• [The task] The line with "Honda FIT 2015-08 8073756-7" marks where to begin. Please copy it and each line after it to the end of the records below, exactly.

** Data for the task follows **

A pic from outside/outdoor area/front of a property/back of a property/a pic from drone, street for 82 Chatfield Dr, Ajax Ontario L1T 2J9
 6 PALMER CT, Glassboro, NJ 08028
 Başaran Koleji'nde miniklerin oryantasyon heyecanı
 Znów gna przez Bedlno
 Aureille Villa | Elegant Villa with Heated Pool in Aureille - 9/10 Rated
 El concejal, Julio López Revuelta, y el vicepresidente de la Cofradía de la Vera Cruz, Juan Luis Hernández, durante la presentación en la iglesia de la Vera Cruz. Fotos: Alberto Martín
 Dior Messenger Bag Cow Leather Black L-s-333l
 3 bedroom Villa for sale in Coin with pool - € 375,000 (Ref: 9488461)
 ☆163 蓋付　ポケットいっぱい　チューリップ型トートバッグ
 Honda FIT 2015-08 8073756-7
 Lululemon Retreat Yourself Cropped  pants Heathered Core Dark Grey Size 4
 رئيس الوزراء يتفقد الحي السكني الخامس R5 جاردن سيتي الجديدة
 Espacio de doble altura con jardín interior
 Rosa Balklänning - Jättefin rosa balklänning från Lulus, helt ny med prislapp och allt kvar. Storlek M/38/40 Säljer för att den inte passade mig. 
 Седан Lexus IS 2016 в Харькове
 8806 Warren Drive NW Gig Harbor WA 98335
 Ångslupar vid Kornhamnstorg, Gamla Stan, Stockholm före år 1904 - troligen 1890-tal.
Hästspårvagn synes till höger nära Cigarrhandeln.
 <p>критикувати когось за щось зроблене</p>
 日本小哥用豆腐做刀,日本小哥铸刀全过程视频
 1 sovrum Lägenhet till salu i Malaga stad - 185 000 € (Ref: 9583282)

** End of Data for the task **

• [Answer section]
 Honda FIT 2015-08 8073756-7
 Lululemon Retreat Yourself Cropped  pants Heathered Core Dark Grey Size 4
 رئيس الوزراء يتفقد الحي السكني الخامس R5 جاردن سيتي الجديدة
 Espacio de doble altura con jardín interior
 Rosa Balklänning - Jättefin rosa balklänning från Lulus, helt ny med prislapp och allt kvar. Storlek M/38/40 Säljer för att den inte passade mig. 
 Седан Lexus IS 2016 в Харькове
 8806 Warren Drive NW Gig Harbor WA 98335
 Ångslupar vid Kornhamnstorg, Gamla Stan, Stockholm före år 1904 - troligen 1890-tal.
Hästspårvagn synes till höger nära Cigarrhandeln.
 <p>критикувати когось за щось зроблене</p>
 日本小哥用豆腐做刀,日本小哥铸刀全过程视频
 1 sovrum Lägenhet till salu i Malaga stad - 185 000 € (Ref: 9583282)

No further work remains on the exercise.